Like many people, my first purchase was the 2-CD compilation called Decade, which was originally a 3-LP set. It combined most of the best-loved songs from his solo albums, his earlier work with Buffalo Springfield, and his collaborations with Crosby, Stills & Nash, all chosen by Neil himself with informative (if hard-to-read) handwritten liner notes for each song. Of the 35 songs on this collection, I’m already pretty familiar with about 24 of them, but after spending much of the week with this album it was nice to learn some of those lesser-known tracks, many of which are exclusive to Decade. “Down To The Wire” is a cool 1967 psychedelic nugget featuring Stephen Stills & Dr. John that was originally intended for the unreleased Buffalo Springfield album, Stampede. It reminds me a bit of Texas psychedelic legends 13th Floor Elevators. “Sugar Mountain” is a well-known song recorded live in 1968 that made its first album appearance here (it was originally a b-side), but was later included on a live album of the entire concert. According to Neil’s liner notes, he wrote this on his 19th birthday, and when Joni Mitchell heard it she wrote her own early classic, “The Circle Game” (which I talked about here). “Soldier” is the edited version of a stark piano ballad that was included on his Journey Through The Past soundtrack.
“Winterlong” was originally intended for, but eventually left off, Tonight’s The Night. It’s a very catchy midtempo country rocker with Neil self-harmonizing, and features a weeping steel guitar. “Deep Forbidden Lake” starts off as a stark tune with just voice & guitar before developing into a simple, sparse country song. According to his liner notes, this song “hopefully signified the end of a long dark period…” “Like A Hurricane” is another well-known classic, but this version features a different lead vocal than the album version.

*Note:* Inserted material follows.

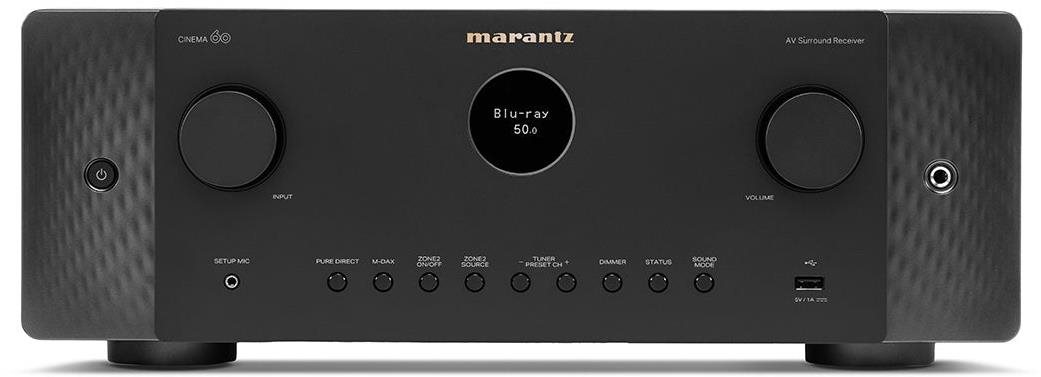 AV-rádióerősítő Marantz Cinema 60 Black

It’s not strikingly different, but it remains a killer song. “Love Is A Rose,” later a hit country song by Linda Ronstadt, was recorded in 1974 during Crosby, Stills, Nash & Young tour rehearsals. It has a great melody that grabbed me immediately, and I love the back porch country vibe. “Campaigner” is a rare political song with a sense of humor, as he sings “Even Richard Nixon has got soul” without a hint of irony, anger or bitterness in his voice. I’ve always loved the song “Long May You Run” from the Stills-Young Band album of the same name. The version included here also features David Crosby and Graham Nash, and as much as I love their voices (individually and collectively), there’s something about their harmonies here that makes the song a little too sugary for me. It’s still catchy, but I much prefer the album version. The rest of Decade includes Neil Young standards like “Cinnamon Girl,” “Down By The River,” “Cowgirl In The Sand,” “After The Gold Rush,” “Old Man,” “Harvest,” “The Needle And The Damage Done” and “Cortez The Killer.” I’ll be discussing all of them as I get to each of their respective albums, so I only included the titles here to show what an impressive collection this is. It’s hard to believe this only covers the first 10 years of his recording career, and yet it’s still so thorough.